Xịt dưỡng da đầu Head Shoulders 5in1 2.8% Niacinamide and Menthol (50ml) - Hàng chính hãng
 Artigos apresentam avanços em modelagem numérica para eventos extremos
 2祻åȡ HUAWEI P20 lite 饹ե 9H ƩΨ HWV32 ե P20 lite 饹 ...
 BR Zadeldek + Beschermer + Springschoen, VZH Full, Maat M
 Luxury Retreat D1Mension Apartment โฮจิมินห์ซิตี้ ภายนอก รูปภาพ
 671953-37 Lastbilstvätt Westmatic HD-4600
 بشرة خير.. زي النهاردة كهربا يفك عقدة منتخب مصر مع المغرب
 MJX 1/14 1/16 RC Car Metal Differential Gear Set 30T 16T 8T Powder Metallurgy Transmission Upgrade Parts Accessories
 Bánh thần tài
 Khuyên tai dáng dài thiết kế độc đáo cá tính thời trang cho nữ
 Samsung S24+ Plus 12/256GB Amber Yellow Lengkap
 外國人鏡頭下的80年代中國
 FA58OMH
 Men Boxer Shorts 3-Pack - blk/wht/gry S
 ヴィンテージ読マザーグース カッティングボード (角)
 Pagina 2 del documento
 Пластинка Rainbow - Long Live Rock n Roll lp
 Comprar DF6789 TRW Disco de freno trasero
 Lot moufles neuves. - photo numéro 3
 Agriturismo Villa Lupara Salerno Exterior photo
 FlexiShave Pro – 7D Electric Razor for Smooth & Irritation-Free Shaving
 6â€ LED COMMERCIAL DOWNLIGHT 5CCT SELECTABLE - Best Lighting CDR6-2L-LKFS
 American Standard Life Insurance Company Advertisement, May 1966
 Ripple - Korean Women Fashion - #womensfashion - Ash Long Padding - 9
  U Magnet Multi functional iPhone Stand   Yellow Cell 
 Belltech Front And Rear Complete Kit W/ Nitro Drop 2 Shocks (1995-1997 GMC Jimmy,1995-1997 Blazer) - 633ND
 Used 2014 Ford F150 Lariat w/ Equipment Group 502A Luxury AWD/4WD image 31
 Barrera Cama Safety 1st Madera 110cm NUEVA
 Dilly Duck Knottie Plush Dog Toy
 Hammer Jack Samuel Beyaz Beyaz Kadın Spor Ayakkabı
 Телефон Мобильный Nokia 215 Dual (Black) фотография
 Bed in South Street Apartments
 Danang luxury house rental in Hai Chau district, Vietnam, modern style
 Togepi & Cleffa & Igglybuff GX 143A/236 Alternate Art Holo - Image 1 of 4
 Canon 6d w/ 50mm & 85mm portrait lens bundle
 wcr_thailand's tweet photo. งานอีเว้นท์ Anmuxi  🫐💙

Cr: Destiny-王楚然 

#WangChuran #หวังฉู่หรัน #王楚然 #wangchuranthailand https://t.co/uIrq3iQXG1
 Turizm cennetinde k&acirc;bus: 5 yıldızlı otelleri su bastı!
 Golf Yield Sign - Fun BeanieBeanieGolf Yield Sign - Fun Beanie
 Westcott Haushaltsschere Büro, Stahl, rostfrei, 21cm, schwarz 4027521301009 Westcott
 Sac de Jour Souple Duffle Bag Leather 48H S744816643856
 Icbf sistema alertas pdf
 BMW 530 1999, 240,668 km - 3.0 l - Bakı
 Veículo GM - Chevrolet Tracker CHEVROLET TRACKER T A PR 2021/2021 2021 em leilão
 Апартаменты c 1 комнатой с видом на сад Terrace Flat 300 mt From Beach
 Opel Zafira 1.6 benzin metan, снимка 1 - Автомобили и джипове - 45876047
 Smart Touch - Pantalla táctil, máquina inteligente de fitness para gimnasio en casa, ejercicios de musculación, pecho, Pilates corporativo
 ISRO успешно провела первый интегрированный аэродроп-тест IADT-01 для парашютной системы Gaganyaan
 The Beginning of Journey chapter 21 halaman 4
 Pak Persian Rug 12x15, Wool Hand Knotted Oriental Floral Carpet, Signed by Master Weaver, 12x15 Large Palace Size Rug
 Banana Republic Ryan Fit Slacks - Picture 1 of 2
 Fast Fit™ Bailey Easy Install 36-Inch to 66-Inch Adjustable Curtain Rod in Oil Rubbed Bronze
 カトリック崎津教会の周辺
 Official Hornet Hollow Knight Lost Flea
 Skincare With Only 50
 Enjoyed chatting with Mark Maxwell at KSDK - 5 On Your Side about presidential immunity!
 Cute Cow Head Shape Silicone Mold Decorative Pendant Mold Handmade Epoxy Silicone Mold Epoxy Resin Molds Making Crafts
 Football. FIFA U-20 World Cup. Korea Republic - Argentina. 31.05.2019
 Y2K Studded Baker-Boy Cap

════

> [Exercise goal] Your answer should consist of the lines above that hold the word "Head".

> [Answer to this problem]
Xịt dưỡng da đầu Head Shoulders 5in1 2.8% Niacinamide and Menthol (50ml) - Hàng chính hãng
 Cute Cow Head Shape Silicone Mold Decorative Pendant Mold Handmade Epoxy Silicone Mold Epoxy Resin Molds Making Crafts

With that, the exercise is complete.